Interface Phonons and Polaron States in Quantum Nanostructures

From the viewpoint of band engineering, the use of GaSb quantum nanostructures is expected to lead to highly efficient intermediate-band solar cells (IBSCs). In IBSCs, current generation via two-step optical excitations through the intermediate band is the key to the operating principle. This mechanism requires the formation of a strong quantum confinement structure. Therefore, we focused on the material system with GaSb quantum nanostructures embedded in AlGaAs layers. However, studies involving crystal growth of GaSb quantum nanostructures on AlGaAs layers have rarely been reported.

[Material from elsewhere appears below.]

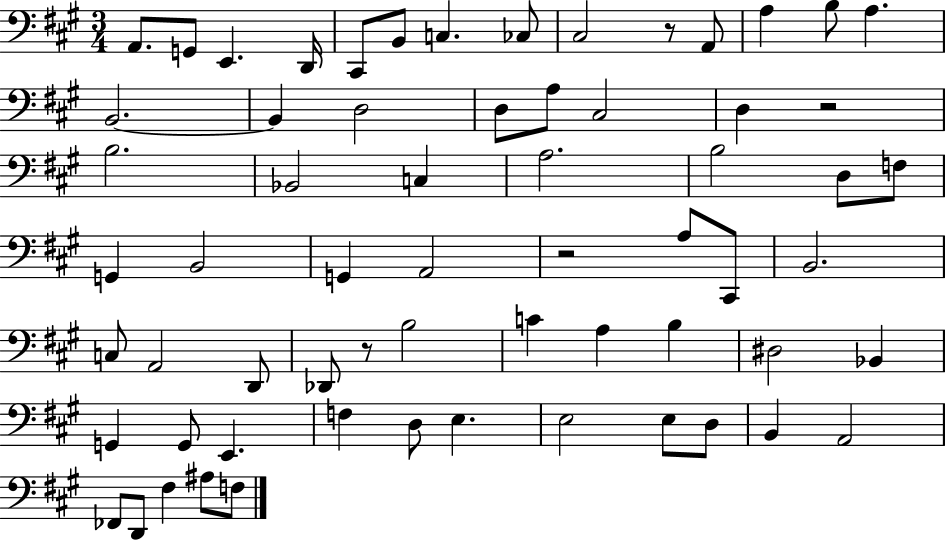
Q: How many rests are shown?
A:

In our work, we fabricated GaSb quantum dots (QDs) and quantum rings (QRs) on AlGaAs layers via molecular-beam epitaxy. Using the Stranski–Krastanov growth mode, we demonstrated that lens-shaped GaSb QDs can be fabricated on AlGaAs layers. In addition, atomic force microscopy measurements revealed that GaSb QDs could be changed to QRs under irradiation with an As molecular beam even when they were deposited onto AlGaAs layers. We also investigated the suitability of GaSb/AlGaAs QDSCs and QRSCs for use in IBSCs by evaluating the temperature characteristics of their external quantum efficiency. For the GaSb/AlGaAs material system, the QDSC was found to have slightly better two-step optical excitation temperature characteristics than the QRSC.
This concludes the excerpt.